> Brief
When you reach the line that contains "Google logo with", please begin copying, and carry on exactly to the last line of the material, leaving out every picture.

### Provided data

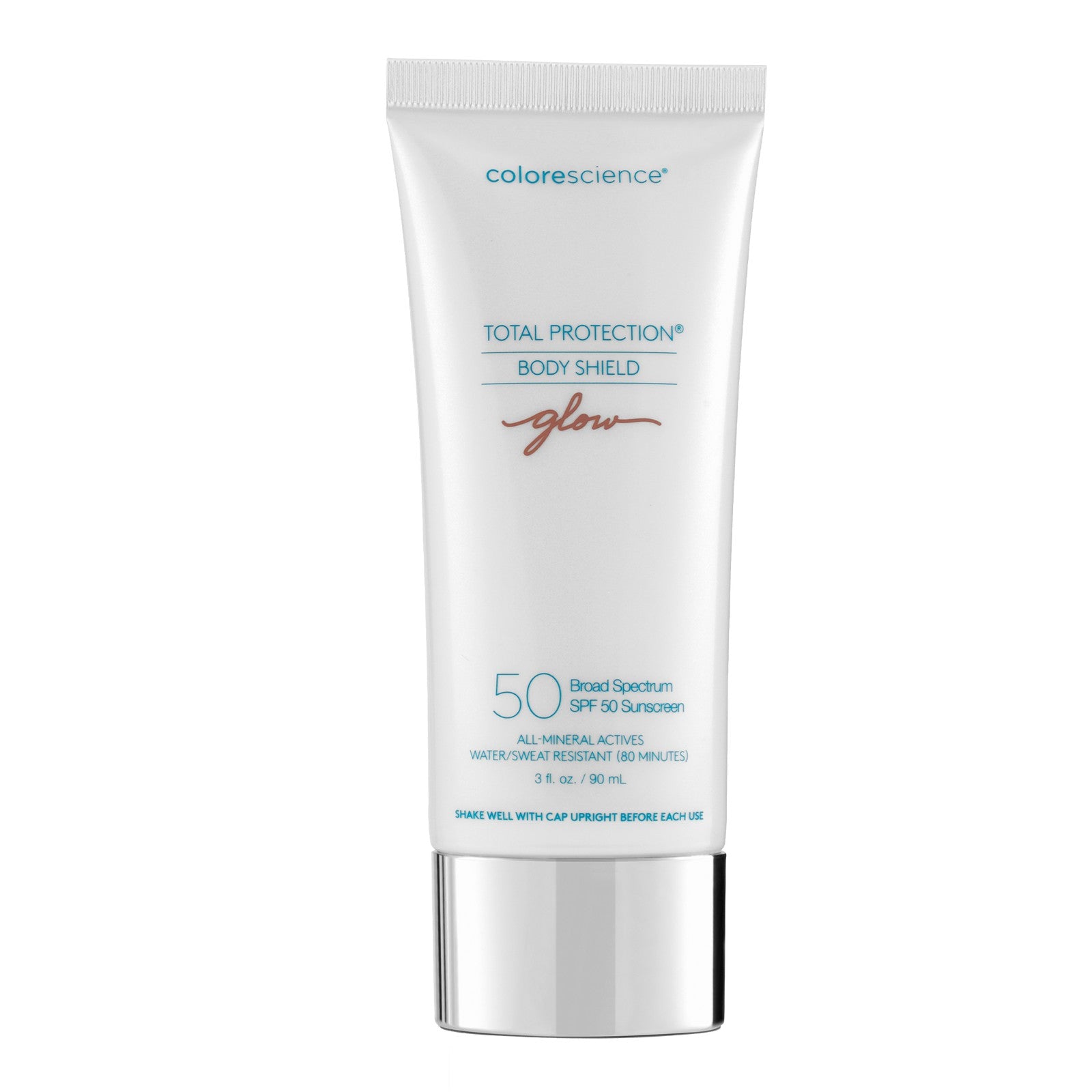 Colorescience Total Protection Body Shield Glow SPF 50 protector solar corporal con brillo 90 ml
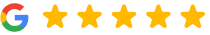 Google logo with five gold stars indicating excellent customer rating for Covaney & Covaney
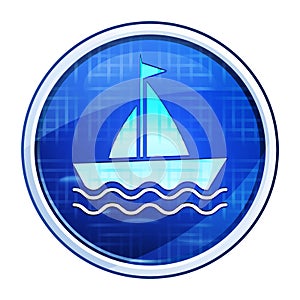 Sailboat icon futuristic blue round button vector illustration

######

> The answer
 Google logo with five gold stars indicating excellent customer rating for Covaney & Covaney
 Sailboat icon futuristic blue round button vector illustration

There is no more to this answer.